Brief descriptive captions
--------------------------------------------------

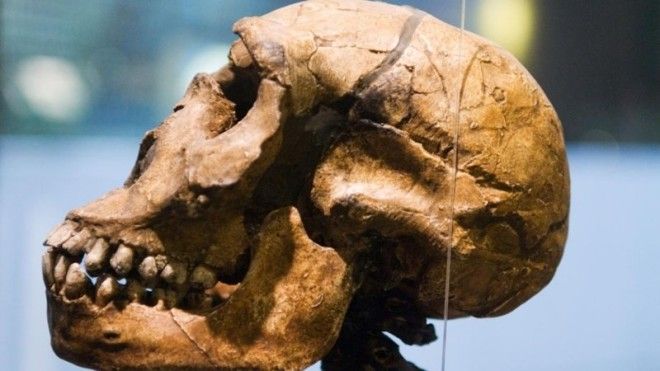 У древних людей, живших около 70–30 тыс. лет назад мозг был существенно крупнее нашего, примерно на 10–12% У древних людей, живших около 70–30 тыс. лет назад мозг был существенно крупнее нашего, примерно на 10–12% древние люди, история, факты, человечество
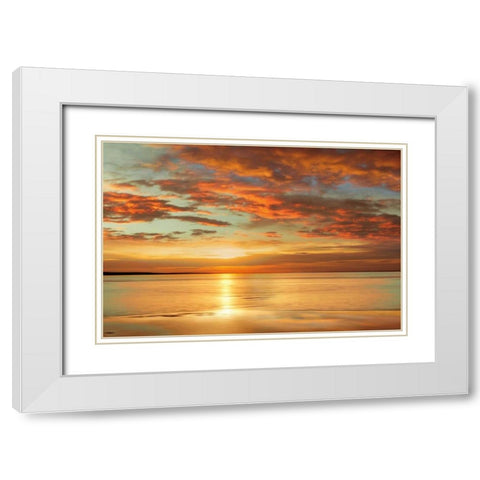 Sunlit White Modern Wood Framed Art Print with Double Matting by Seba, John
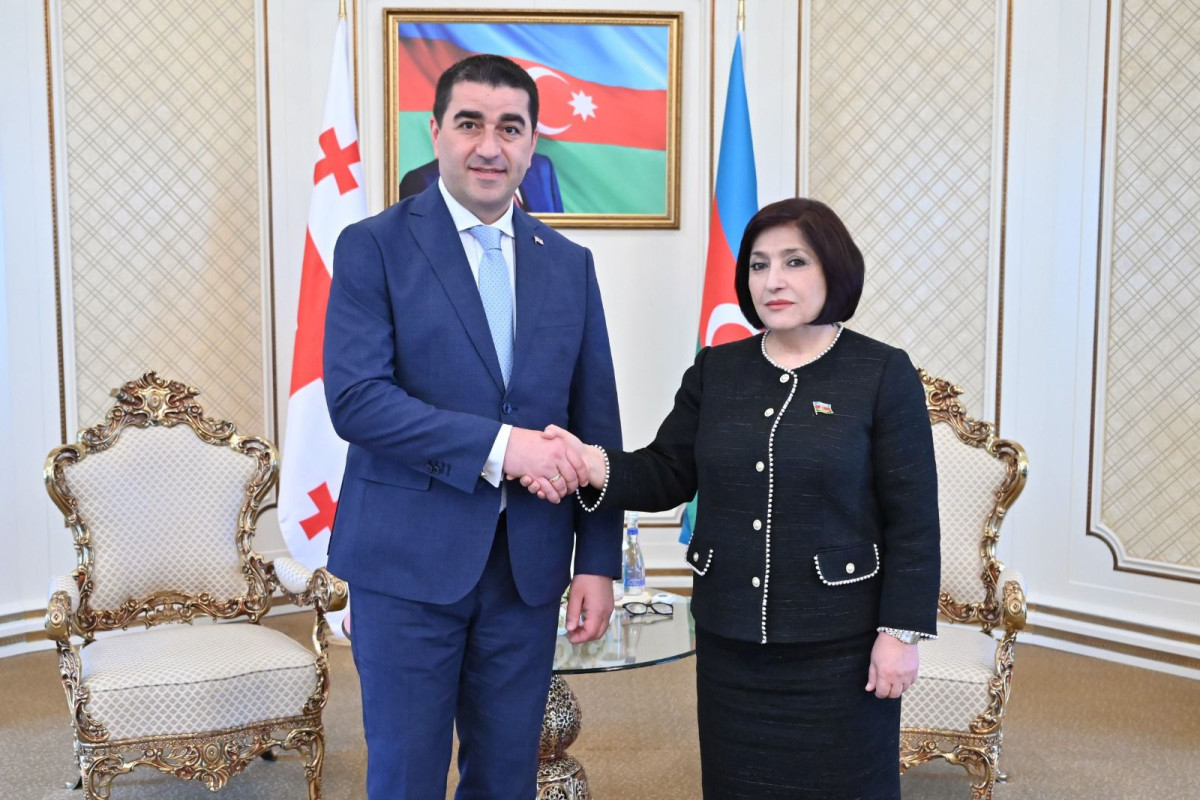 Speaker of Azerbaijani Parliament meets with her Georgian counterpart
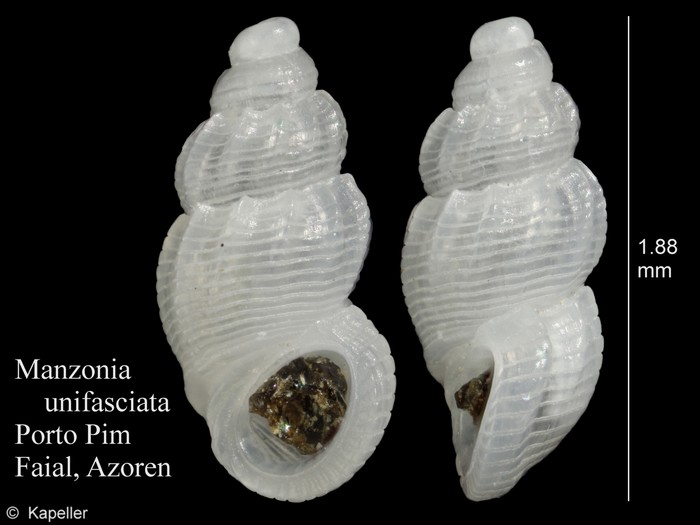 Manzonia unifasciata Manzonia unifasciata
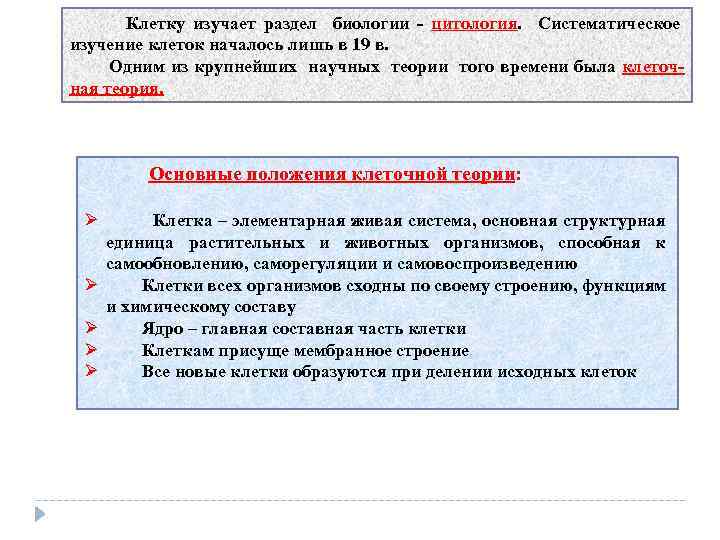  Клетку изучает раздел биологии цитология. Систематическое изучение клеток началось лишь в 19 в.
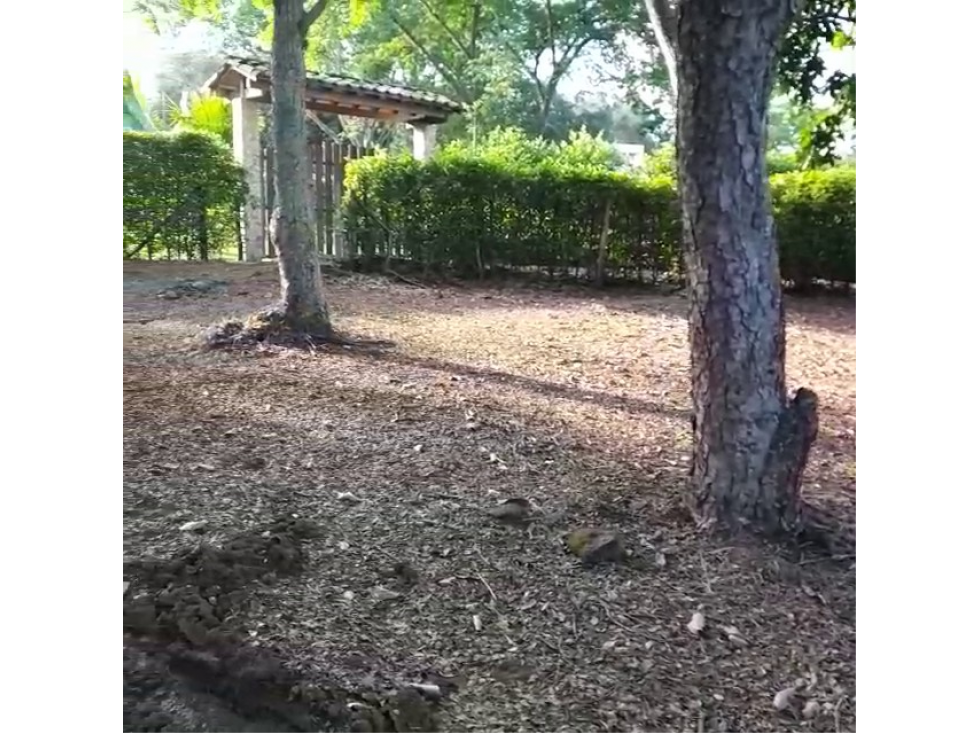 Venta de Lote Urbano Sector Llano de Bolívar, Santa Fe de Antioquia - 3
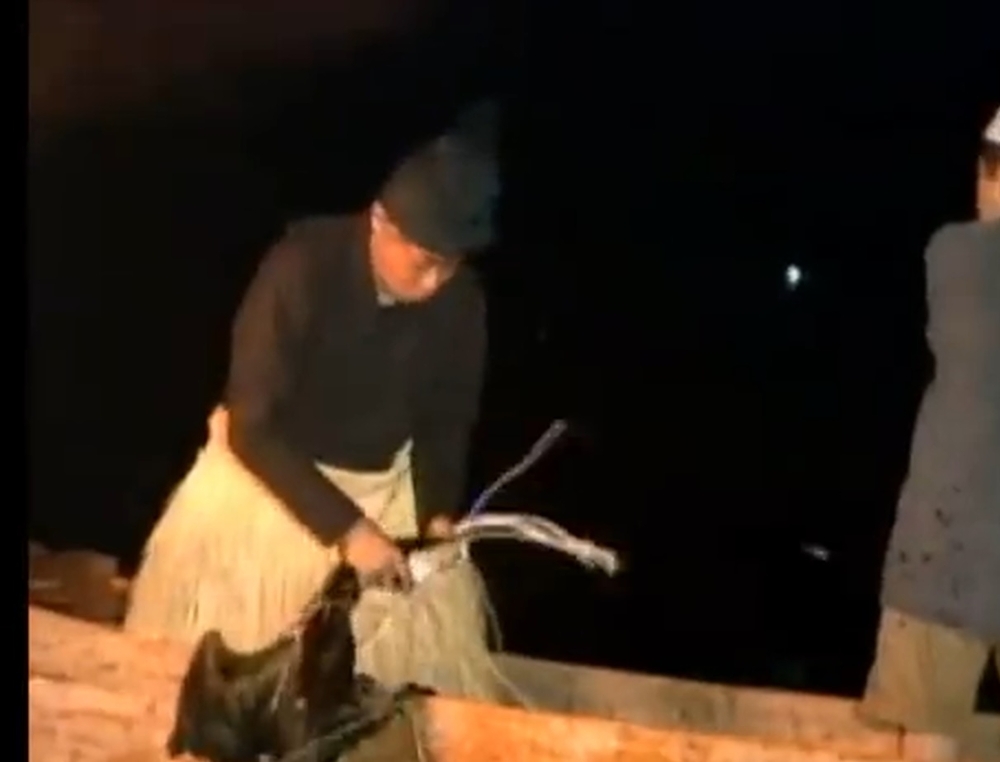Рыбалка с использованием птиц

--------------------------------------------------

* EXERCISE BRIEF
Without including any picture, print every record exactly as written above.

* REPLY TO THE EXERCISE
 У древних людей, живших около 70–30 тыс. лет назад мозг был существенно крупнее нашего, примерно на 10–12% У древних людей, живших около 70–30 тыс. лет назад мозг был существенно крупнее нашего, примерно на 10–12% древние люди, история, факты, человечество
 Sunlit White Modern Wood Framed Art Print with Double Matting by Seba, John
 Speaker of Azerbaijani Parliament meets with her Georgian counterpart
 Manzonia unifasciata Manzonia unifasciata
  Клетку изучает раздел биологии цитология. Систематическое изучение клеток началось лишь в 19 в.
 Venta de Lote Urbano Sector Llano de Bolívar, Santa Fe de Antioquia - 3
Рыбалка с использованием птиц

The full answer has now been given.